The bas relief of a cow on the north wall of the Cathedral commemorates the legend associated with the foundation of Durham which has it that the monks of Lindisfarne, having removed the body of St Cuthbert, a 7th century ecclesiastic, from its tomb in fear of marauding Danish invaders, and after wandering far over the north of England, were guided to the safety of the natural defensive site of Durham by a woman searching for a cow. The original Saxon church on the site was built, in 995, to house the shrine of the Saint
In 1093 the foundation stone of the present Cathedral was laid and nearly all the major work was completed within twenty years, a relatively short span of time which gives the building an outstanding unity. The central tower is a lofty and graceful Perpendicular Gothic structure. The exquisite Chapel of the Nine Altars contains a magnificent rose window and beautiful carvings. The stone vaulting is particularly noteworthy. Rib vaulting was used at Durham for the first time, a technical breakthrough which represents a major contribution to the history and refinement of building and enabled Gothic architecture to flourish and develop.
It is as a remarkable whole that the Cathedral should be seen, but it does have a multitude of fascinating details. The north door incorporates the fine 12th century sanctuary knocker, a grotesque head, which, once they had grasped it gave fugitives the right of sanctuary within the Cathedral precincts. In the Galilee Chapel at the west end of the Cathedral is the tomb of the Venerable Bede, known as the first English historian. St Cuthbert's shrine was destroyed at the Reformation, however, the oak coffin is one of the many treasures that can be seen in the monks' dormitory museum in the cloisters.

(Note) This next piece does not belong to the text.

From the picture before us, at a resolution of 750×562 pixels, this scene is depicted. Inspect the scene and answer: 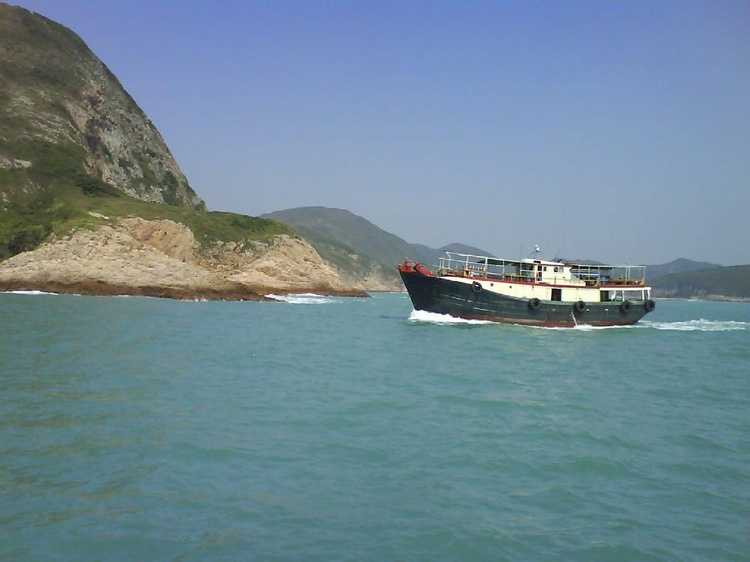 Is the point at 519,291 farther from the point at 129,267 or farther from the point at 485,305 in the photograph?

The Castle which >>standeth aloft and is stately built<< (Leland) was constructed by the Normans in 1072 on the instructions of William the Conqueror, and protects the narrow neck of the peninsula to the north of the Cathedral. It was designed as a secure defence against the Scots and Danes, and a residence for the Prince Bishops of Durham who were the king's religious and military representatives in the area. The Castle is dominated by a polygonal 14th century keep, while the most famous single features are the Norman crypt chapel and the 17th century black stair of elaborately carved woodwork.
The Prince Bishops ruled Durham as a City State with their own army, nobility, court and coinage for 800 years. When their unique powers gradually diminished and were finally ended in 1836, the Castle became the home of Durham University, which was the first new university to be founded in England after Oxford and Cambridge.
Town walls, which were strengthened in the 12th century, augmented the natural defences from an early date and have been largely preserved. The Palace Green lies between the Cathedral and the Castle, and is surrounded by buildings once closely associated with the civil and ecclesiastical functions of the Prince Bishops. Modern Durham, reflecting it's history, remains an important religious and educational centre.